I also felt that this book isn't just a great book; it's a great
sequel. I read a lot, and I often go through series with big gaps of time between books. I expect to be a little confused at the beginning of yet another sequel. My memory of certain details may be murky. I may be confusing some details with something from another book that had a somewhat similar plot. I expect to need to pause and look stuff up. At the same time, I really hate it when at the beginning of a book, the protagonist drops everything to think in detail about the entire plot of all previous installments in that vaguely "As you know, Bob" fashion.
With
Iron Heart, I never needed to look anything up. The important details from the previous book came up organically and naturally, when they were needed; there was always just enough reminder given to jolt my memory. I think what was happening there was that the writing appealed to my emotions rather than to my rational memory of facts and names and other minutiae. I'm a highly emotional person; feelings are my main method of perceiving the world. So when the author basically created an emotional snapshot identical to what I needed to recall from book 1 and slipped in a few details, that was enough to make me feel that I read the previous book yesterday, not over a year ago. This is a super interesting effect, and I want to be subjected to it more often.
There's a lot I want to say about the story itself, all of its turns and twists and reveals and intersection, but I'm afraid that would mean plenty of spoilers. So I'll just focus on the least spoilery detail possible: the beginning. I absolutely loved how in the beginning both leads not only found themselves adapting to very new circumstances; they also, in a way, found themselves adapting to certain aspects of each other's lifestyles while being physically very much apart. Ayla found herself in a palace with handmaids fussing over her, attending the Queen's parties and having lessons with an Automae. Crier was lost and alone, posing as a human handmaiden as much as she could, taking up with a group of human rebels for a while. It felt like their time apart indirectly helped them get closer as each of them got immersed into some of the things that shaped the other. And then, of course, their paths intersected again, and oh my god, there was so much there I want to scream about. So many little moments, all of them spoilers, all of them so
good, so varied, so full of all kinds of feeling.
Last but not least, I want to gush about how queer-positive and queer-normal the setting is. There are plenty of queer characters and queer relationships happening all around. The tales and songs are full of mentions of queer love. No one ever bats an eye on people (or Automae) being queer. It's just so beautifully
normal.
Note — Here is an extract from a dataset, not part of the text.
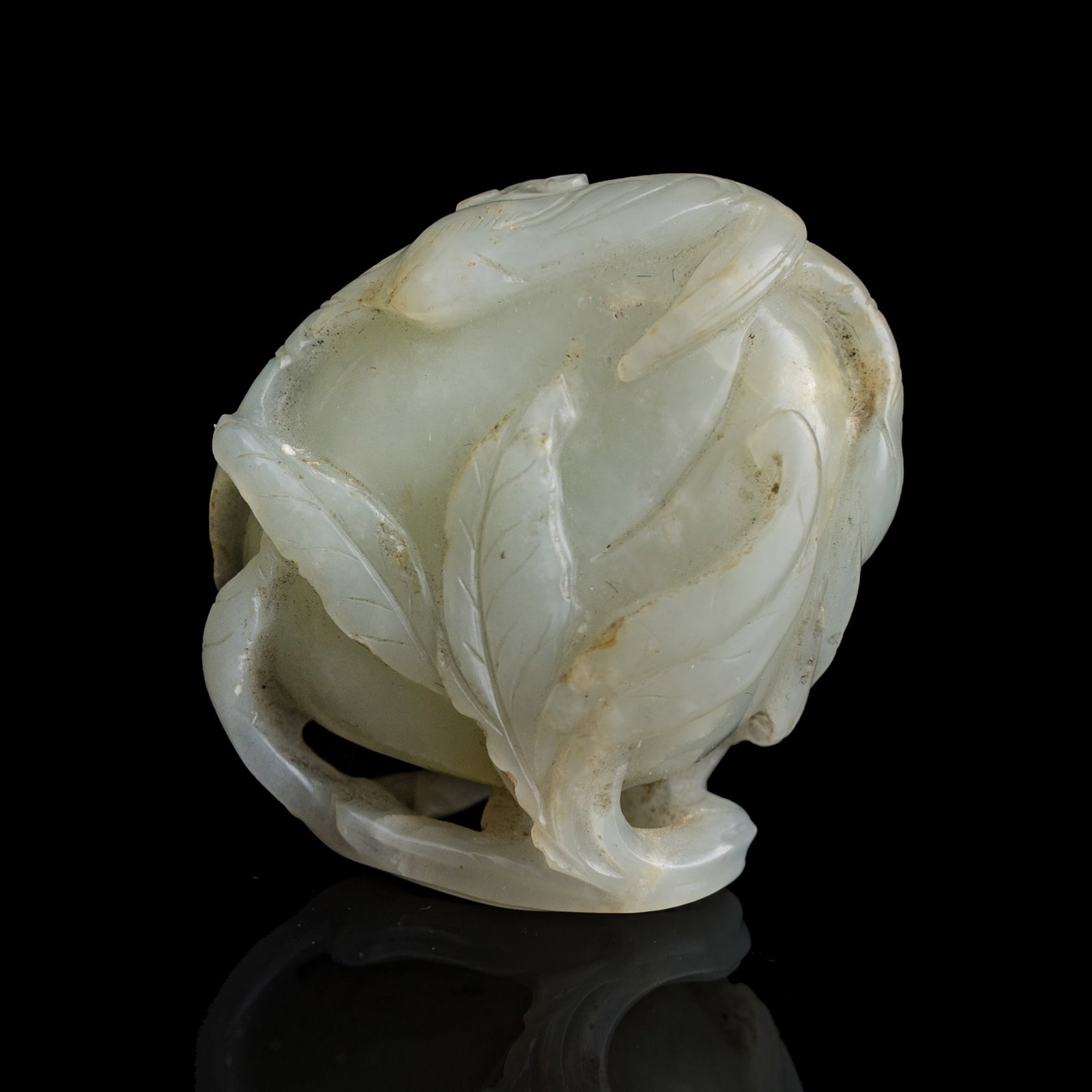 A Chinese white jade peach-form pendant, early 19th century: A Chinese white jade peach-form pendant early 19th century H: 2, W: 1 5/8, D: 1 in. (H: 5.1, W: 4.1, D: 2.5 cm.) Private collection, New York. Click here for high resolution images.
At the same time, there were, I felt, a couple of moments when the prospect of romance between an Automae and a human was used as a metaphor of sorts for the real life queer experience; for figuring yourself out, for struggling with these feelings they tell you you're not supposed to have, for gradually coming to the realization that there are others like you, that you're not alone, that you're okay, that you can be yourself. It felt like having the best of both worlds: seeing queer people being completely normalized and just leading exciting lives while being queer, but also having those relatable moments recognizing our own experiences from living in the far less LGBTQ-friendly real world.